大卫在格鲁吉亚宫廷长大,和塔玛拉女王成婚后两人感情颇为融洽。两人生育有两个孩子,均在后来成为了格鲁吉亚的君王——即乔治四世和鲁苏丹女王。

1187年,萨拉丁在针对十字军的战争中取得胜利,他从十字军手中拿回了耶路撒冷。穆斯林的再度崛起使得塔玛拉女王不得不对此做出反应——她向萨拉丁派遣了两个外交使团,要求确保格鲁吉亚十字架修道院的安全,并且不向萨拉丁缴税,以换取格鲁吉亚和萨拉丁之间的和平。

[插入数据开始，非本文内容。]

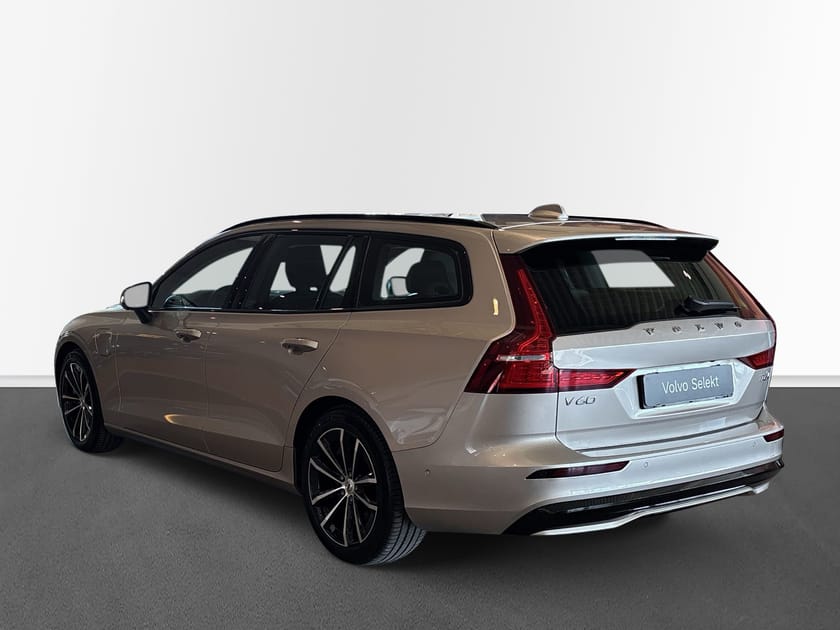 Bild 2 av Volvo V60 T6 Plus Dark Nordic Edition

但战争还是到来了。塔玛拉的前夫在突厥人的支持下被加冕为王,掀起了叛乱。本着夫妻一场的情谊,塔玛拉女王在一开始选择了谈判,但尤里不论是出于什么理由都不可能同塔玛拉和解。故塔玛拉女王发兵击败了尤里。只是她没有选择斩首前夫,而是把尤里流放到了君士坦丁堡。

尤里能活下来,他的支持者依然怀恨在心。当叛臣古赞再次准备掀起叛乱时,还没等他起兵,大卫·索斯兰不待塔玛拉的赦免令到达,就刺瞎了古赞的眼睛,对他施以了最严酷的警告。

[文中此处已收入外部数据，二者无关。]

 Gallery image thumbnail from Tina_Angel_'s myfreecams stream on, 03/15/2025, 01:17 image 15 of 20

此后,格鲁吉亚国似乎迎来了一段平和的时光——连年的战火停住了步伐,塔玛拉夫妇迎来了他们的孩子。大卫·索斯兰大喜过望,遂决定对阿尔巴尼亚的一座穆斯林城市发动进攻,以示庆祝。

此举同样惹怒了南方的穆斯林王朝,他们号召穆斯林世界发动了对格鲁吉亚的圣战。首先相应的是阿塞拜疆的哈里发阿布·巴克尔,他们越过了边境线,开始对格鲁吉亚进行军事行动。但此时的格鲁吉亚已然如日中天,国力强盛,数次军事博弈中阿布·巴克尔均未能取得什么成果。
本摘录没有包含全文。